Trapped in Your Own Body
Those with Locked-in syndrome are alive, but can't communicate.
Jan. 31, 2007— -- Imagine lying inert, unmoving, totally paralyzed -- and your only way of telling people "I'm not dead!" is the tiny blink of one eye. Imagine hearing the doctors call you a vegetable, and you can't even whisper back, "I'm still here."
Welcome to a rare world of patients "locked in" to bodies that have become prisons. Steve Chiappa of Toms River, N.J., lives with this medical mystery. And so does Glenda Hickey of Leduc, Alberta.
Glenda Hickey's nightmare began on the morning of Jan. 21, 2000, with the worst headache she had ever experienced. When the mother of two little girls picked up the phone to call her husband, Kevin, at work, she fell to the floor, suffering a bad nosebleed. Glenda's daughter Kaitlyn -- not 3 three at the time -- tried to help.
"I found all these Band-Aids, and I tried putting it all over her face so the bleeding would stop, " Kaitlyn explained.
Meanwhile, as 1-year-old Kennedy slept in her crib, Kevin, Glenda's husband, kept getting a busy signal as he repeatedly phoned the house.
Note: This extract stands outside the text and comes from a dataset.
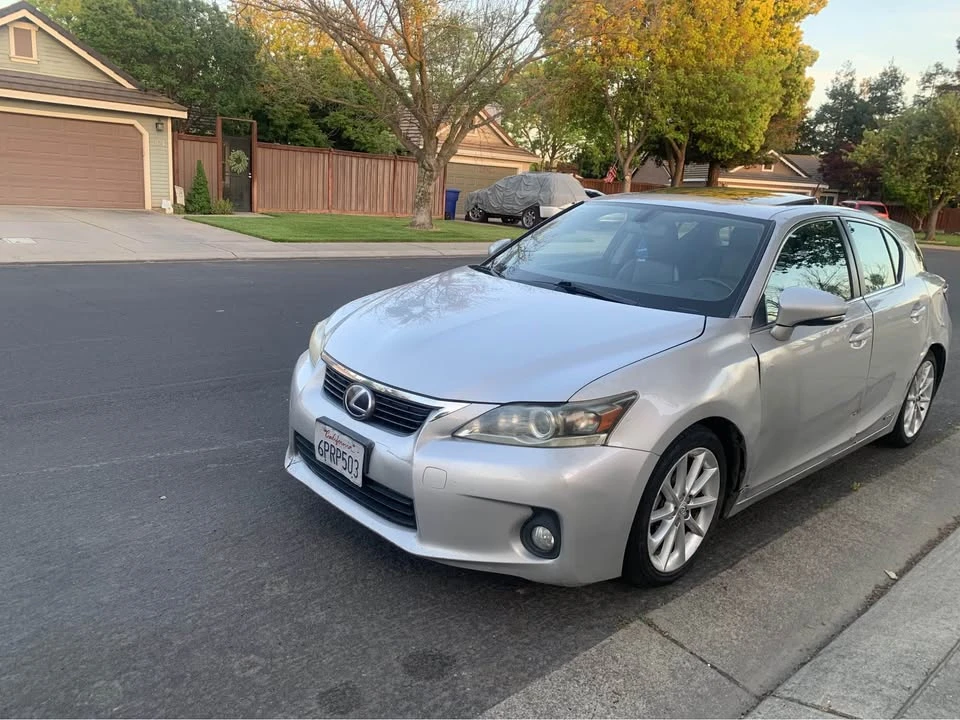 2011 Lexus CT - Image 6 of 7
"And it's busy, busy, busy, busy. So, I was getting kind of mad by about 11:30 thinking, you know, 'What the heck is she doing?'" he said.
Kevin finally called a neighbor to check on his wife, who found Glenda motionless on the floor. When Kevin got home he found Glenda unable to speak, move or even indicate that she was conscious.
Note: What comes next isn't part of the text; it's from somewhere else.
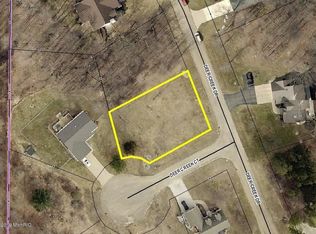 13528 Deer Creek Dr, South Haven, MI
"She just couldn't respond," he said. "We didn't know what she was doing or thinking. We couldn't figure it out."
Cindy and Steve Chiappa were high school sweethearts, who found each other all over again in their 30s. Their fairytale love story turned into a nightmare on the way to a Christmas Eve dinner, when Steve suddenly felt ill.
Cindy took one look at her husband and dialed 911. At the hospital the doctors told Cindy the situation was critical.